L’intero componimento, dedicato dalla poetessa a tutte le vittime di femminicidio in America Latina, sta rimbalzando sui social da quando è arrivata la notizia del ritrovamento del corpo di Giulia Cecchettin
“Se domani tocca a me voglio essere l’ultima”. La frase che chiude la poesia di Cristina Torres Cáceres, attivista peruviana, è un grido che spacca il cuore. Ma è anche la speranza di un cambiamento che potrà avvenire. L’intero componimento, dedicato dalla poetessa a tutte le vittime di femminicidio in America Latina, sta rimbalzando sui social da quando è arrivata la notizia del ritrovamento del corpo di Giulia Cecchettin, La vittima numero 105 in Italia dall’inizio dell’anno: 22 anni e l’orgoglio di una laurea alle porte.

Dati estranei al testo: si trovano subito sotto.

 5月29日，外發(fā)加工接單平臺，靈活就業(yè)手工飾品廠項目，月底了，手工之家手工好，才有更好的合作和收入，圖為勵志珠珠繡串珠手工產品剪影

Lo ha condiviso la sorella maggiore di Giulia, Elena Cecchettin, che in questo momento di dolore sta trovando la forza di combattere perché l’omicidio di Giulia sia, a pochi giorni dalla Giornata mondiale contro la violenza sulle donne il 25 novembre, il simbolo di una cultura da annientare. Quella della prevaricazione maschile. E bisogna farlo subito, urgentemente.
Raggiunta dalla giornalista del programma Mediaset “Dritto e Rovescio”, Elena invita tutti, donne e uomini, ad agire, a non stare in silenzio: “Ditelo a quell’amico che controlla la propria ragazza, ditelo a quel collega che fa cat-calling alle passanti, rendetevi ostili a comportamenti del genere accettati dalla società, che non sono altro che il preludio del femminicidio”. Poi fa appello allo Stato. Spiega: “Il femminicidio è un delitto passionale, è un delitto di potere. Serve un’educazione sessuale e affettiva capillare, serve insegnare che l’amore non è possesso”.

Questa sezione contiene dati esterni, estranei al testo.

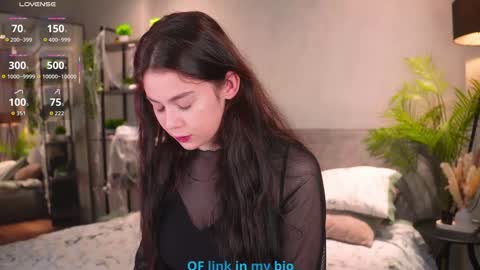 Snapshot of pamelaryant chatting on November 12, 11:25 pm Diana online show from November 12, 11:25 pm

Soprattutto Elena chiede di uscire dai luoghi comuni che subito identificano come “malato” chi commette questo reato: “Il colpevole non è un mostro, è un figlio sano della società patriarcale che è pregna della cultura dello stupro”, dichiara riferendosi a Filippo Turretta, l’assassino della sorella. Nel suo componimento Cristina Torres Cáceres affronta anche questo cliché: la non accettazione che si tratti di cultura di prevaricazione fa sì che il colpevole sia sempre ritenuto in qualche modo un’eccezione malata.
Ecco il testo completo:
“Se domani non rispondo alle tue chiamate, mamma. Se non ti dico che vengo a cena. Se domani, non vedi arrivare il taxi. Forse sono avvolta nelle lenzuola di un hotel, su una strada o in una borsa nera. Forse sono in una valigia o mi sono persa sulla spiaggia. Non aver paura, mamma, se vedi che sono stata pugnalata. Non gridare quando vedi che mi hanno trascinata. Mamma, non piangere se scopri che mi hanno impalata. Ti diranno che sono stata io, che non ho urlato, che erano i miei vestiti, l’alcool nel sangue. Ti diranno che era giusto, che ero da sola. Che il mio ex psicopatico avesse delle ragioni, che ero infedele, che ero una puttana. Ti diranno che ho vissuto, mamma, che ho osato volare molto in alto in un mondo senza aria. Lo giuro, mamma, sono morta combattendo. Lo giuro, mia cara mamma, ho urlato forte così come volavo alto. Lui si ricorderà di me, mamma, saprà che sono stata io a rovinarlo quando avrà di fronte il volto di tutte quelle che urleranno il mio nome. Perché lo so, mamma, non ti fermerai. Però, te lo chiedo per quello che ami di più al mondo, non trattenere mia sorella. Non rinchiudere le mie cugine, non privare di nulla le tue nipoti. Non è colpa tua, mamma, non è stata nemmeno mia. Sono loro, saranno sempre loro. Combatti per le loro ali, quelle ali che mi sono state strappate. Combatti per loro, che possano essere libere di volare più in alto di me. Combatti perché urlino più forte di me. Possano vivere senza paura, mamma, proprio come ho vissuto io. Mamma, non piangere le mie ceneri. Se domani sono io, mamma, se non torno domani, distruggi tutto. Se domani tocca a me, voglio essere l’ultima”.